A rule forbidding enforcement of limits on attorneys’ fees that are negotiated simultaneously with settlements on the merits may ultimately be required in some categories of cases — for example, settlements in which the defendant pays significant money damages or settlements in which a defendant, contrary to the ruling of local bar ethics committee, affirmatively demands a waiver as a precondition to negotiations. But I believe that in cases such as this, other guards against an unfair result can be successful. First, it bears emphasis that class representatives and class counsel are under absolutely no legal or ethical obligation to accept a settlement that unfairly saddles them with the expenses of a controversy that has produced benefits for the plaintiff class. The representatives are entitled to insist on a settlement that is fair to them as well as to the class. Second, class representatives or counsel may seek assistance from the district judge if a Title VII defendant attempts to exploit potential conflicts. The trial judge has tools at hand during the negotiations that an appellate court, faced with only the result, entirely lacks. The court might, in particular cases, advise separate negotiation of fees and costs; it might, in its discretion, refuse to approve a settlement that contained simultaneously negotiated fees and costs; or it might even refuse to enforce a waiver provision in a settlement agreement, while approving the balance of the agreement. Cf. Diss.Op. at 1118-1119. I note, however, that where *1114one party has agreed to give the other party some benefit, such as relief on the merits, in exchange for a benefit to itself, such as a waiver of fees, a court should be reluctant to enforce the defendant’s promise while depriving it of the agreed consideration.5

At least in cases such as this one — cases that are not, in my view, appropriate candidates for inclusion in a broad prophylactic rule — we should grant very substantial deference to the district court on these difficult judgment calls. See Webb v. Board of Education, — U.S. -, -, 105 S.Ct. 1923, 1928, 85 L.Ed.2d 233 (1985); Hensley v. Eckerhart, 461 U.S. 424, 437, 103 S.Ct. 1933, 1941, 76 L.Ed.2d 40 (1983). We face here a waiver that the district court fairly viewed as agreed, not extorted; a settlement agreement that provided no monetary relief, and indeed provided limited relief of any kind; a class representative fully apprised of her liability under the agreement before she approved it; experienced counsel who approved a compromise that was, from all that appears, a reasonable one; and a district judge who was fully aware of the special dangers involved in a fee waiver, explored the relevant facts in detail, and concluded that the settlement, including the waiver, was fair. In my view, that decision was not an abuse of discretion, and I therefore agree that the judgment of the district court should be affirmed.
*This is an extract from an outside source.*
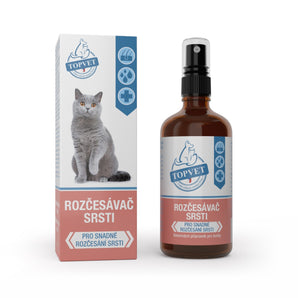 Rozčesávač srsti pro kočky TOPVET 100ml v praktickém balení pro snadnou aplikaci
. Appellant also makes much of the dilemma that may arise when plaintiff’s counsel receive a settlement offer conditioned on a fee waiver, and plaintiff's counsel have already agreed not to look to their client for fees. Because counsel cannot reject a settlement if their client instructs counsel to accept, in such cases ”[d]efense counsel ... are in a uniquely favorable position when they condition settlement on the waiver of the statutory fee: They make a demand for a benefit that the plaintiff’s lawyer cannot resist as a matter of ethics and one in which the plaintiff has no interest and therefore will not resist.” District of Columbia Bar Legal Ethics Committee, Opinion No. 147, reprinted in 113 Daily Washington L.Rep. 389, 394 (1985).
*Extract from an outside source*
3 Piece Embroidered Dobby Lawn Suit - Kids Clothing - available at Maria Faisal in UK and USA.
In some litigations, this concern might be a real one. However, my belief is that most public interest counsel explain the financial details of the litigation well in advance to their clients, and that few clients will against the advice of counsel leap to accept a settlement that deprives counsel of fair compensation and themselves of any provision for costs. In my experience, respected counsel do not and should not undertake public interest representation until an understanding is had with clients as to the range of appropriate settlements. On balance, I do not believe the likelihood that irresolvable problems between counsel and clients may occur is high enough to justify so broad-ranging a rule as would cover the present case.

. Cf. Diss.Op. at 1115 ("when a defendant explicitly agrees with a plaintiff’s merits proposals but refuses to settle until fees and costs are entirely waived, the distinction between defendant coercion and plaintiff volition is meaningless").

. The limited scope of the committee’s prohibition is borne out by another ruling in the same opinion: an attorney may ethically "offer a single sum in settlement of the claims against [a Title VII ] defendant for both damages and attorneys’ fees.” District of Columbia Bar Legal Ethics Committee, Opinion No. 147, reprinted in 113 Daily Washington L.Rep. 389, 389 (1985). Such a single-sum offer is, in effect, the simultaneous negotiation of the merits settlement and attorneys’ fees. However, a single-sum offer allows the plaintiff and plaintiff’s counsel, rath*1113er than the defendant, to divide the available fund between the plaintiff and counsel. A defendant's demand for a fee waiver may be particularly suspect when the defendant offers financial relief on the merits, since the defendant cannot then claim that it is blameless and therefore will not pay out any money.

. See Fed.R.Civ.P. 23(e). Under rule 23(e), compromises of class actions must be submitted to the court for approval. Among the purposes of a "fairness hearing” under rule 23(e) is an effort to ascertain whether the settlement negotiated by class representatives is fair to all class members. Thus, detection of a "sweetheart” settlement — one in which class counsel or class representatives or both have taken too much of the pic for themselves — is squarely within the traditional ambit of the hearing.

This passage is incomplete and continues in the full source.